Let’s make a test: What services (that use data from different portals) do you know?

[waiting for public answers]

There are services that use data from different Open Data portals, but there are still few.

One of them is EuroAlert:, a service that alerts you about relevant tenders from European governments.

The manager of this company (José Luis Marín) told me that it is very difficult to build a pan-European service with data from different portals: there are different languages, different data structures, different ways to tender, different cultures... these are big problems that are hard to solve.

But, we can solve (or try to solve) these problems: we "only" need to harmonize the different Open Data offerings.


This list is the result of a discussion held in a Congress about the reasons of the low reutilization of Open Data. As you can see, some of them are related to harmonization.

If you want more info, here you have it (in Spanish).

4.- The Open Data España Decalogue
One of the first initiatives in order to harmonise the Open Data offerings was the Open Data España Decalogue.

Open Data España was a group of Spanish governments (national, regional and local) having an Open Data service. Unfortunately, currently this group is dissolved).

This is a decalogue with eleven points, instead of ten (!?)  (Which is the word for a list of eleven points? I don't know it in Spanish, nor in English) ;-)
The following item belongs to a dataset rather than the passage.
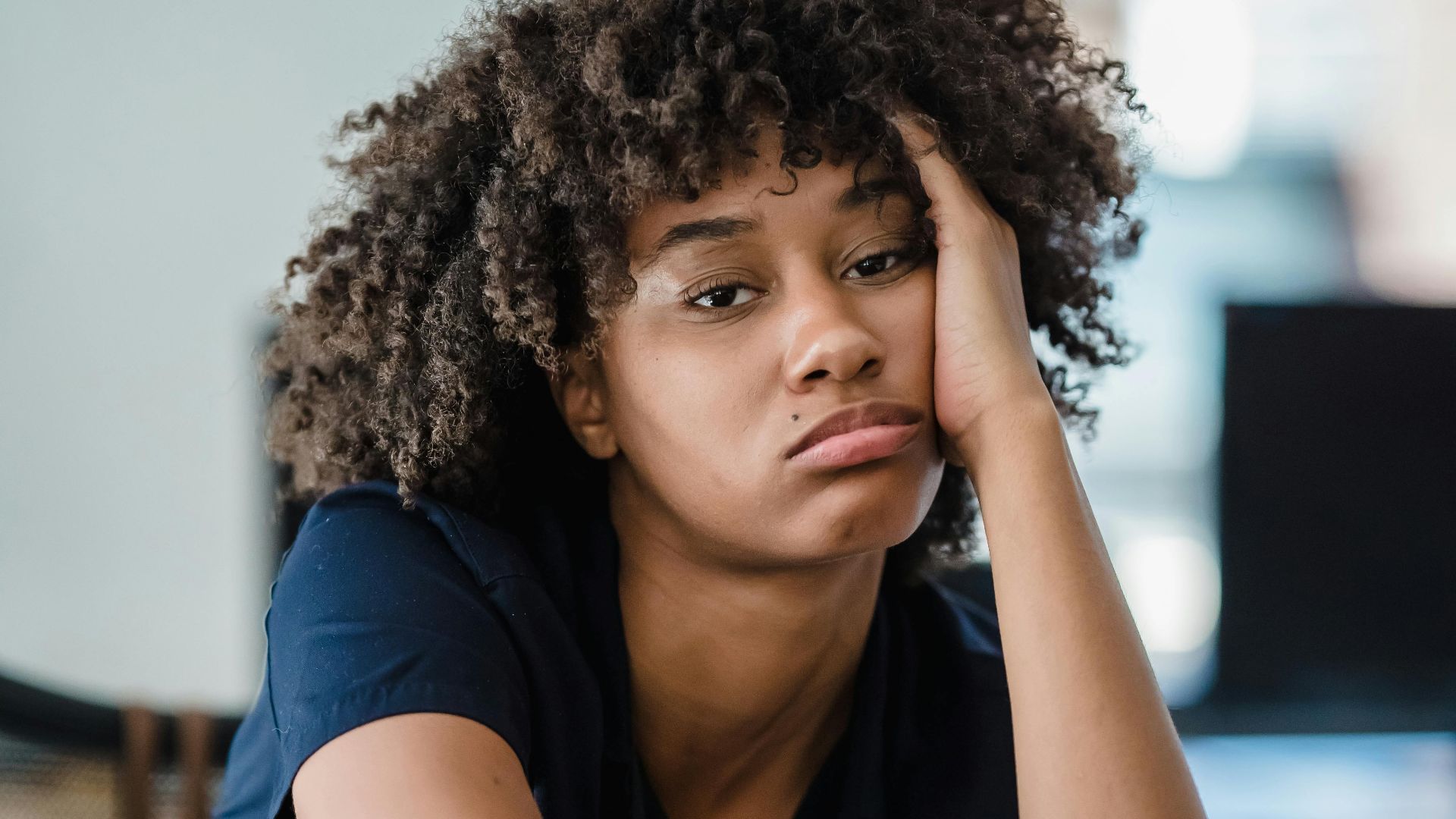 20 signes qui ne trompent pas et qui montrent que vous êtes célibataire chronique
This is a decalogue of the most important issues that every government should keep in mind to offer a good Open Data service.
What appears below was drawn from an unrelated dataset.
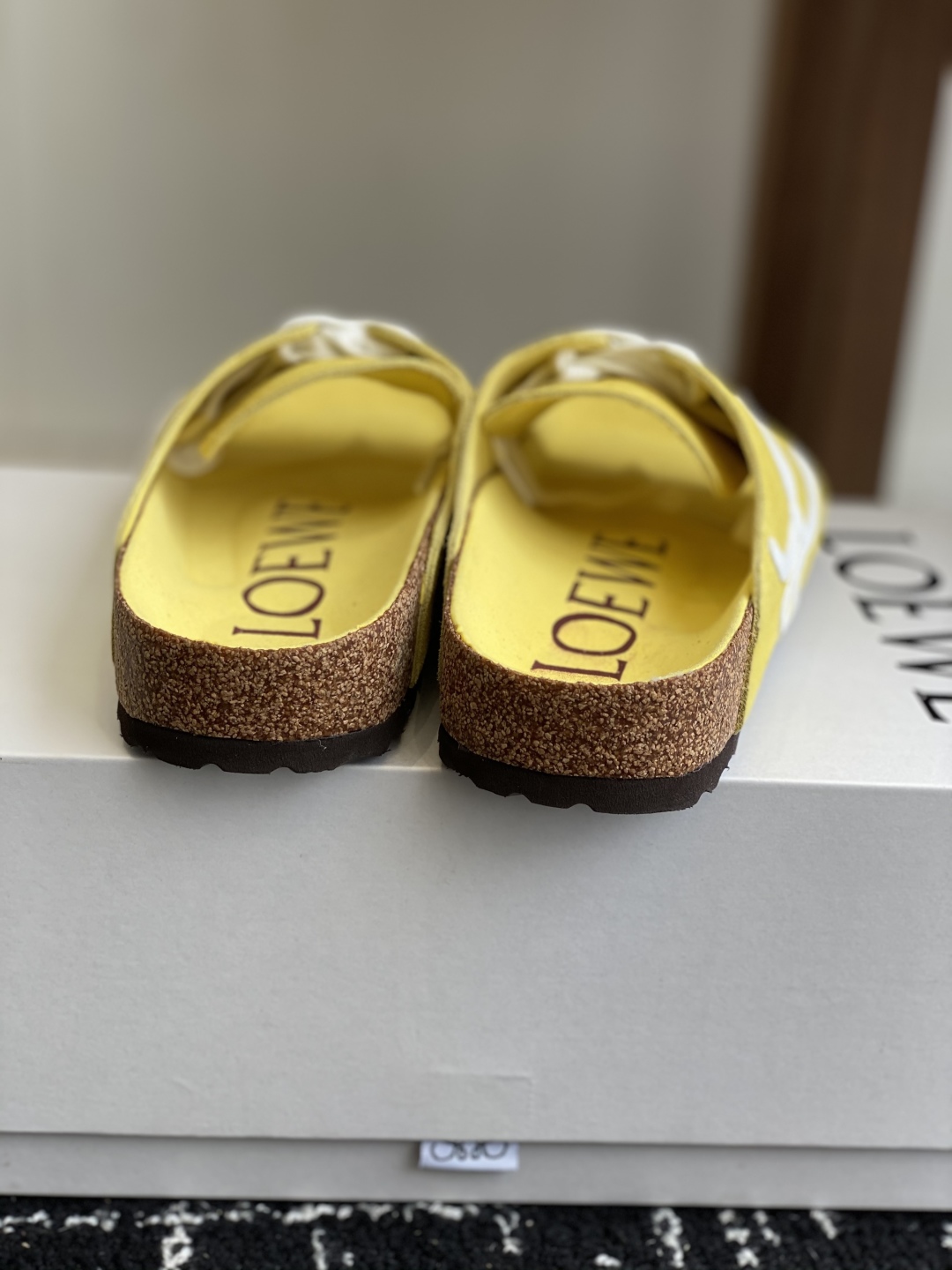 代购级
LOEWE 25ss 春夏系列 情侣款 拖鞋这个品牌刚出我就心动了

代购找很久才买到货，真的一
The first point is very clear; we need to harmonize the Open Data offerings among all Spanish Open Data Portals.

This was the main reason of this group: to harmonize the offerings. But, as I said before, this group failed in this goal.

There are other groups in Europe with this main goal, for instance, Open Data France.

5.- Open Data France
Open Data France is a group of French governments having an Open Data service. This group is alive and they have several projects in order to harmonise the Open Data offerings among French Portals.

A few of them are related to set of common taxonomies among different portals. For instance the agenda of the next meeting of this group contains several discussions about the use of standard vocabularies in these topics:
•    Public spending (according the initiative of Open Spending).
•    Mapping public amenities in the cities.
•    Cultural data (specially calendar data).
•    Waste data.

Reaching agreements on vocabularies is an excellent way to harmonize.

6.- The most successful tool: DCAT
I think the most successful tool to harmonise Open Data offerings is DCAT (it stands for Data Catalog Vocabulary).

As you know, every Open Data Portal has its own catalog.

And every catalog has a huge number (I hope so!) of datasets.

And every dataset can have one or more distributions (this is different formats to provide this data).

We need to describe these elements (and the relationships among them) in a formal way, in a semantic way.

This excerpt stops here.